Security and Human Rights (formerly Helsinki Monitor) is a journal providing analysis on the work of the Organization for Security and Co-operation in Europe (OSCE), as well as on security and human rights challenges stemming from the OSCE region and beyond.

Major themes include:

  • Conflict prevention;
  • Human rights;
  • Minorities;
  • Democracy building; and
  • Cooperative security.

The journal not only reflects on developments, it draws attention to problems, and contributes to the policy-making discourse. With its thorough analysis and thought-provoking articles, Security and Human Rights is a must-read for all those interested and involved in the OSCE and the process of guaranteeing security and protecting human rights. The journal publishes one volume per year consisting of at least ten articles.

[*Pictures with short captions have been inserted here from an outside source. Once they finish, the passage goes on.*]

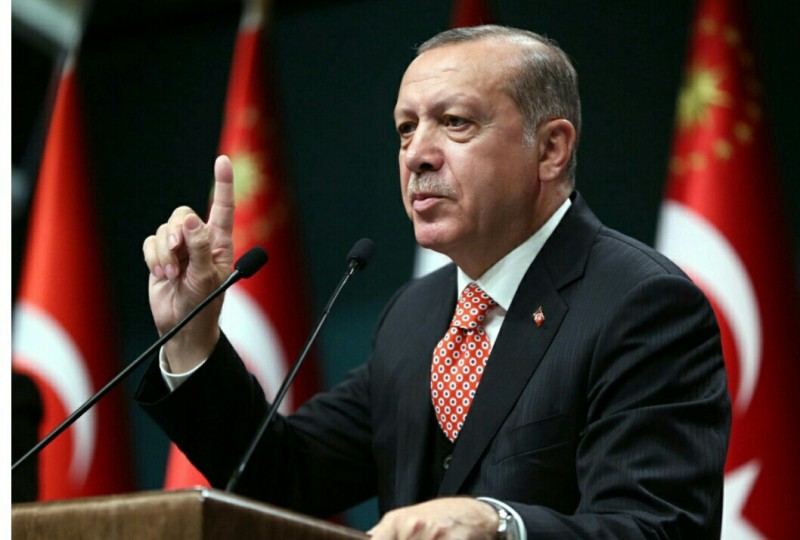 Ərdoğandan İsrailin Qətəri vurmasına sərt REAKSİYA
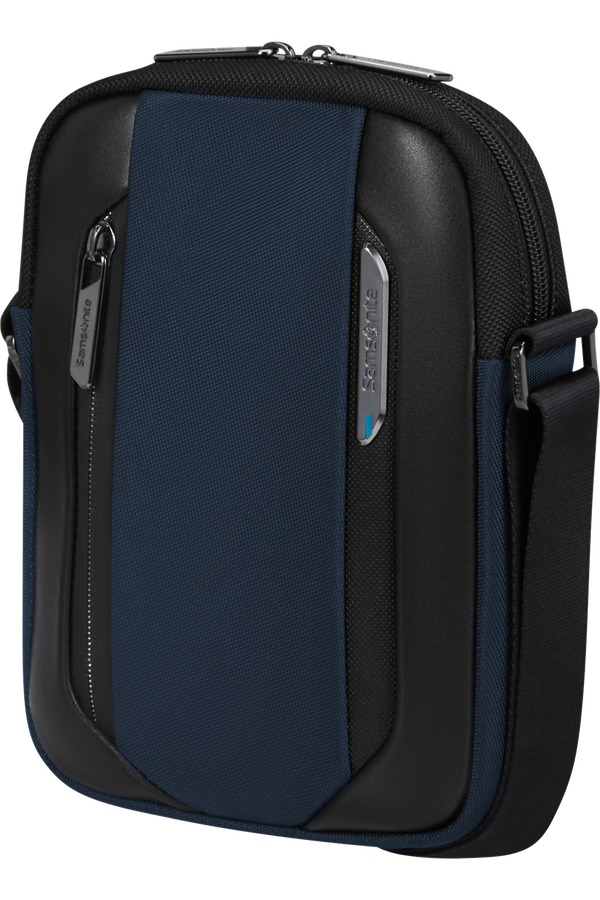 Samsonite Spectrolite 4.0 Sacks Tablet Crossover S  Bleu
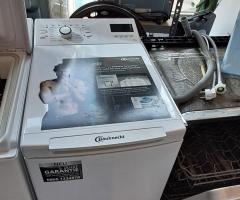 WASCHMASCHINE TOPLADER BAUKNECHT 7KG MIT GARANTIE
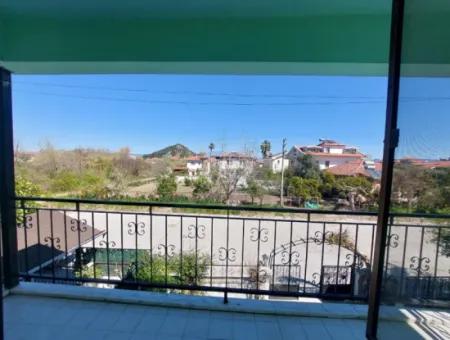 For Sale On 142 M2 Plot In Dalyan, Muğla, 108 M2 4 1 Triplex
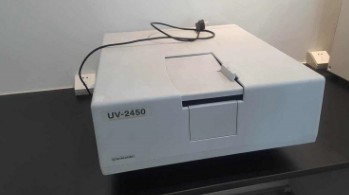 岛津紫外可见光光度计ShimadzuUV2450/2550图1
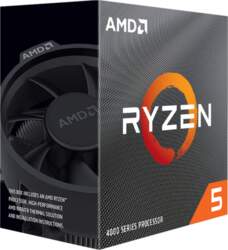 AMD Ryzen 5 4500, Processor -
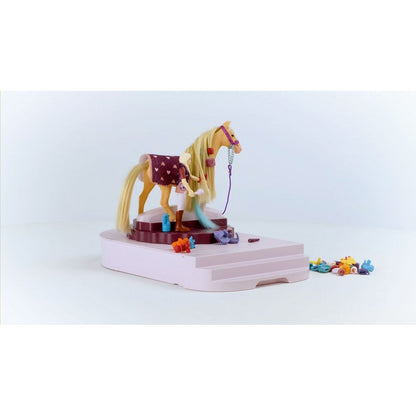 Schleich 42617 Hřebelcovací stanice pro koně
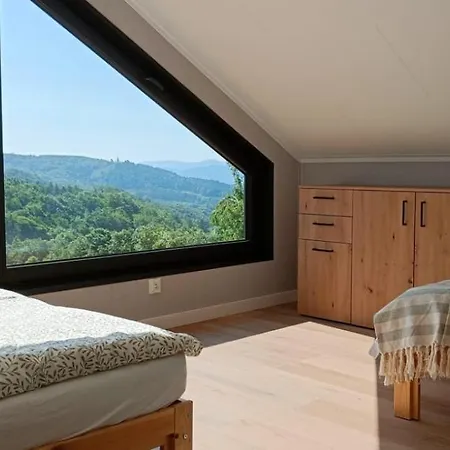 Dom wakacyjny Wilk *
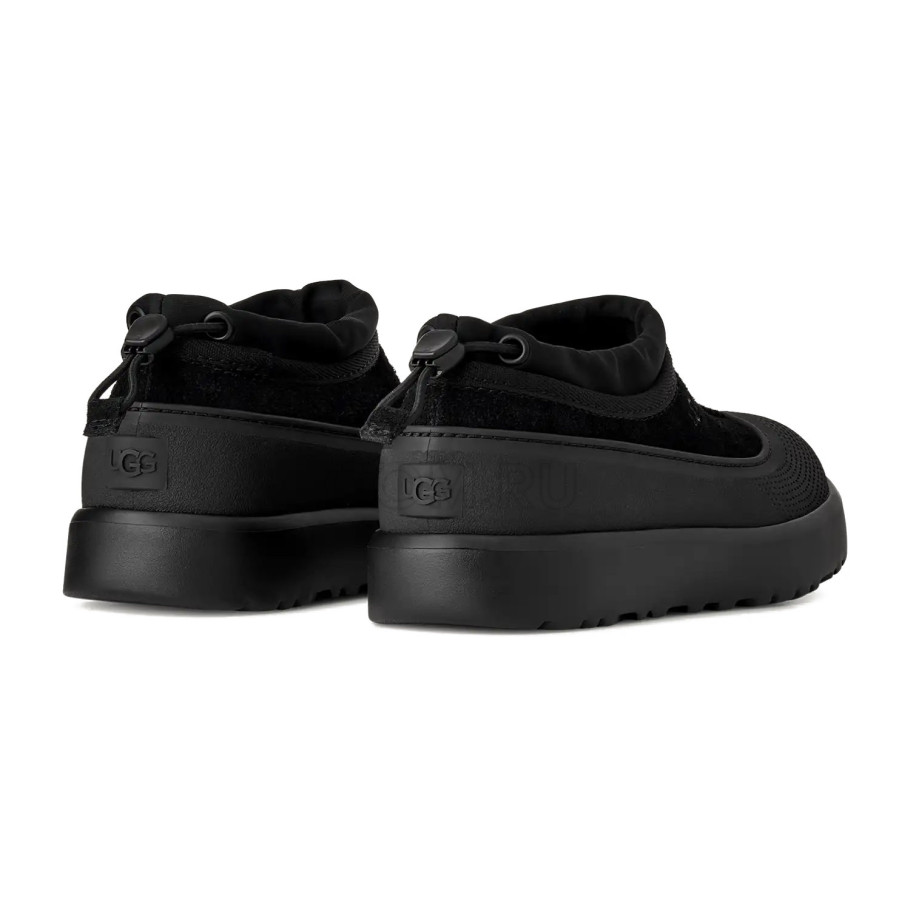 Детские UGG Big Kids Tasman Weather Hybrid Black/Black
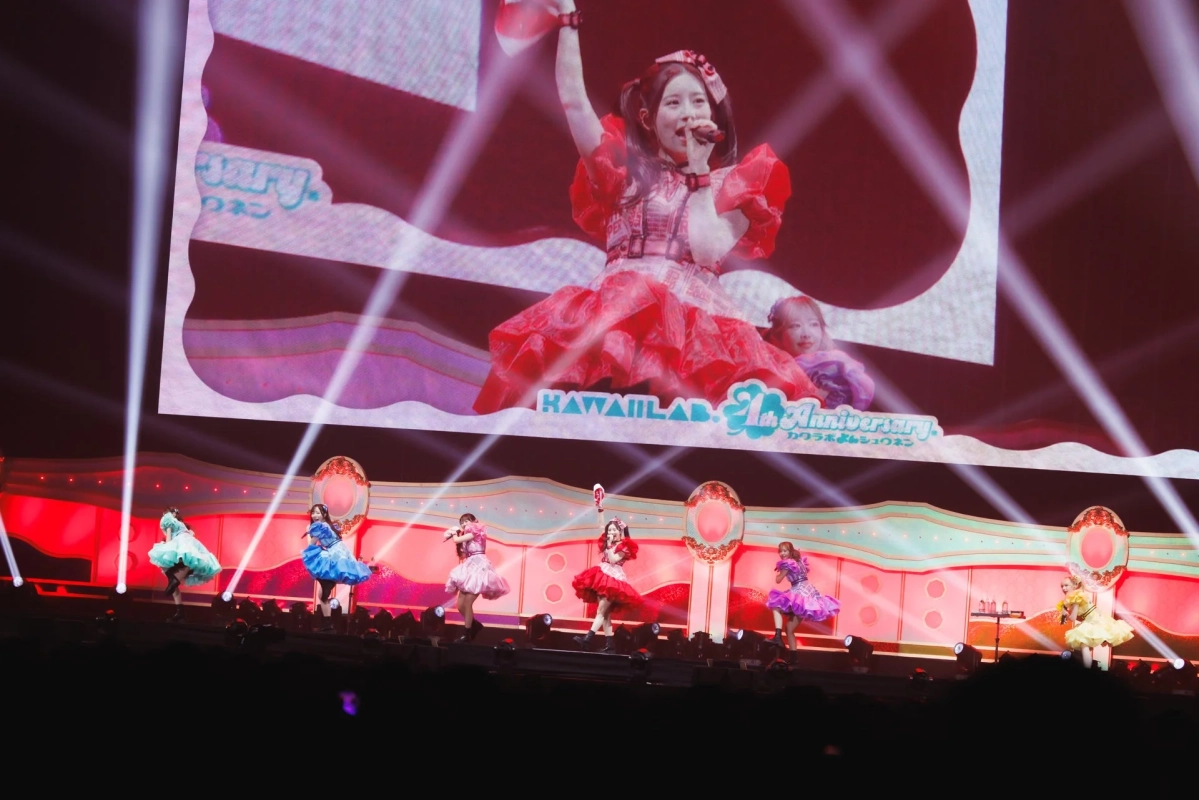 KAWAII LAB. 4th Anniversary Special LIVE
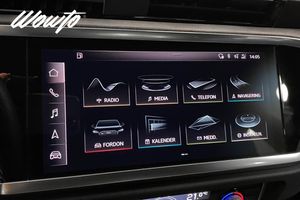 Audi Q3 bild 21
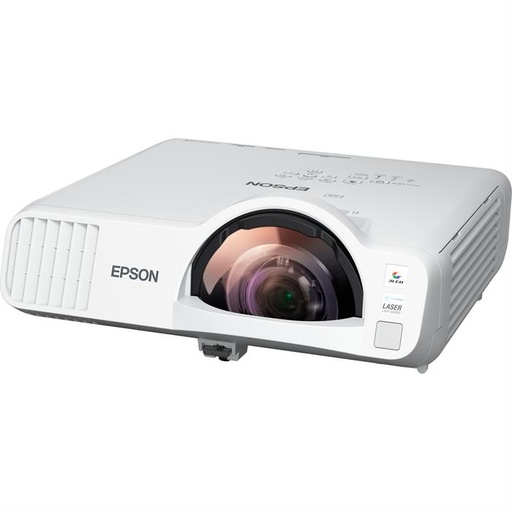 [V11HA76080] Epson EB-L210SW - Projecteur ultra courte focale, Laser, WXGA, 4'000 Lumens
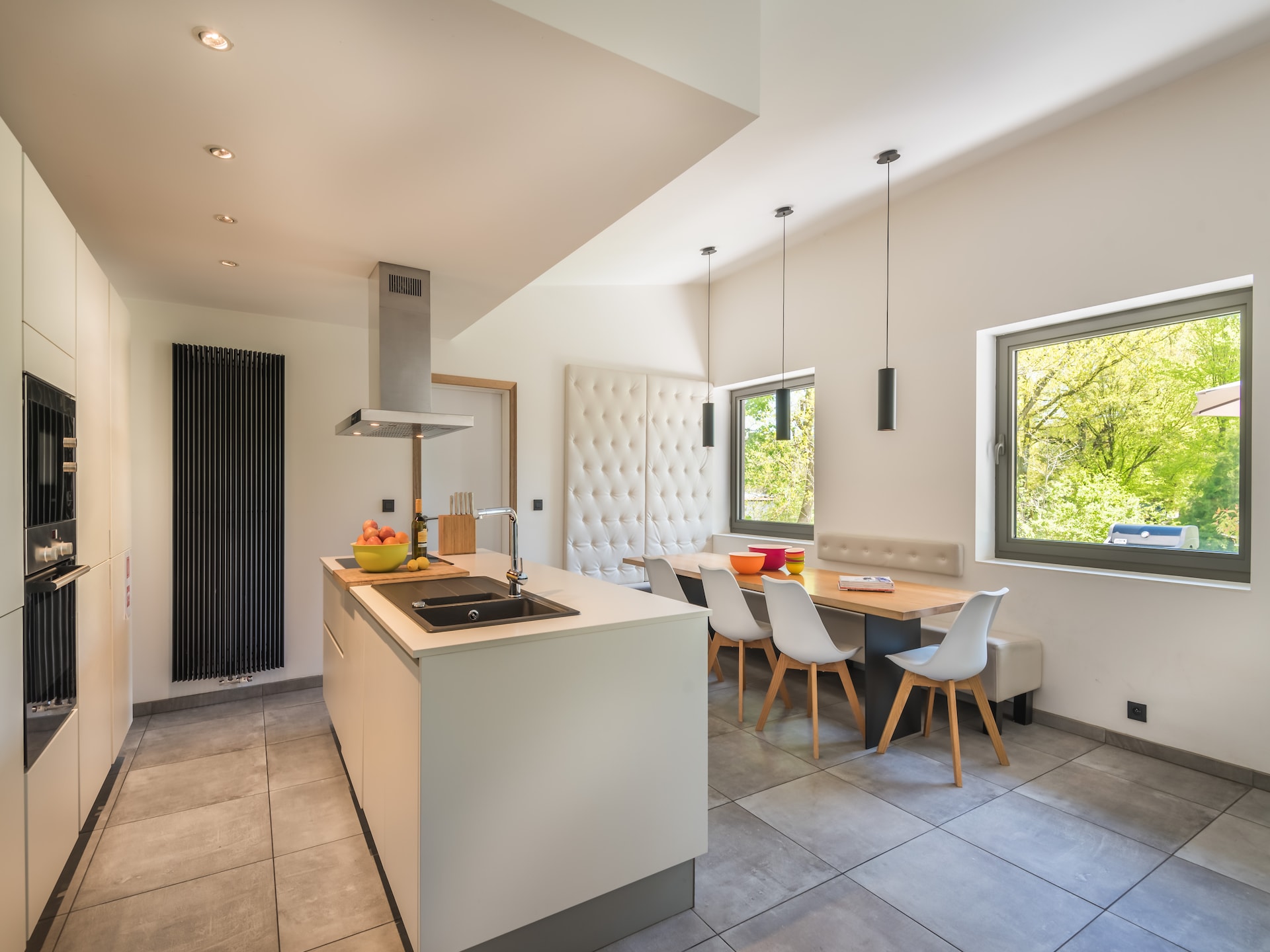 Moderne villa met binnenzwembad en sauna aan de rand van Noiseux - foto 21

Submission Guidelines and Review Process

The journal’s full submission guidelines and ethics statement can be found here. There are no fees payable to submit or publish in this journal.

Review Process

The Journal applies a double-blind peer-review, meaning that the names of both the author and reviewer are not disclosed. Reviewers include members of the editorial board, as well as external reviewers. Reviewers are professors and practitioners who are experts in the fields the journal specialises in. Each article will be assessed by at least two reviewers.

Submission Guidelines

Manuscripts should be sent to and Be sure to check the guidelines before submitting to ensure the formatting is correct.

General instructions

  • Please deliver the file as a flat text, with as little formatting as possible.
  • The title of the manuscript should be as concise as possible.
  • The total length of an article should be between approximately 5,000 and 7,500 words (exclusive footnotes, abstract, tables, figures and appendices).
  • Please make sure your name, footnotes and any meta data (in Microsoft Word, for example, you can use the ‘Inspect Document’ function for this) that can disclose your identity is removed.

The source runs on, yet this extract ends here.